Notas sobre el devenir de la mente

Los espejismos en que seguimos habitando están a la luz del día, pero siguen estando bajo una telón que no nos permiten ver lo que son. Todos conocemos cómo funciona todo, sin embargo seguimos pecando de incrédulos por buena voluntad. Es algo más que hacerse de la vista gorda, es haber entendido de la peor manera que el mundo sigue su ritmo en el que no somos capaces ni de meter las manos.

Aceptar la existencia independiente de cada uno, es el primer paso del ser para darse cuenta de lo efímero que es todo afuera de nuestra mente. Nadie puede estar seguro de nada, no más de su propia existencia, pero hasta ahí. Cada paso que damos es una manifestación de energía caótica que de alguna manera saldrá y no siempre tendremos el control para conocer de qué somos capaces. Todo esto no deja de ser menos inquietante cuando se le relaciona con los espejismo a los que me refiero al inicio; es decir, uno puede conocer el mecanismo y sin embargo el mundo sigue girando de la misma manera carente de sentido. Entonces surge la siguiente pregunta ¿El individuo puede hacer algo? La respuesta no está a mi alcance, o al menos eso quiero creer, porque me es meridianamente claro decir: "no"; porque si no fuera así, yo ya lo hubiera cambiado mi mundo, el de mi mente; pero sigue siendo el mismo.

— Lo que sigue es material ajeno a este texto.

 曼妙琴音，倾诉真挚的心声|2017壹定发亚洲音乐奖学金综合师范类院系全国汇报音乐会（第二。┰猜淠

No sé si alguien ya haya logrado comprender la vida, yo estuve a punto de hacerlo hace poco más de un año; pero me alejé del camino y ahora estoy mucho más lejos que lo que estaba al principio. La realidad es todo lo que nos debería interesar.

14.10.16

¿Qué es el solipsismo?

     Recordemos primero el sistema por el cual de acuerdo a la ciencia oficial, percibimos todo nuestro entorno durante toda nuestra vida. Cuando usted ve, huele, escucha o toca algo; los neuroreceptores recogen esos estímulos que van desde un cambio en la presión hasta el reflejo de la luz y mediante un proceso metabólico son conducidos a través de una fibra nerviosa hasta el sistema nervioso central. Es en este lugar en nuestro cerebro que se dan las conexiones neuronales necesarias que nos permiten interactuar con el medio que nos rodea. Son estas conexiones las que se dan para saber que nos han golpeado, nos han cegado con una luz muy fuerte o para sentir el beso que nos han dado. A partir de este punto final en estas conexiones es que se concibe el concepto de solipsismo. Antes de continuar y explicarle de una vez por todas qué es, permitame ponerle en contexto un poco de como me volví hacia esta corriente filosófica.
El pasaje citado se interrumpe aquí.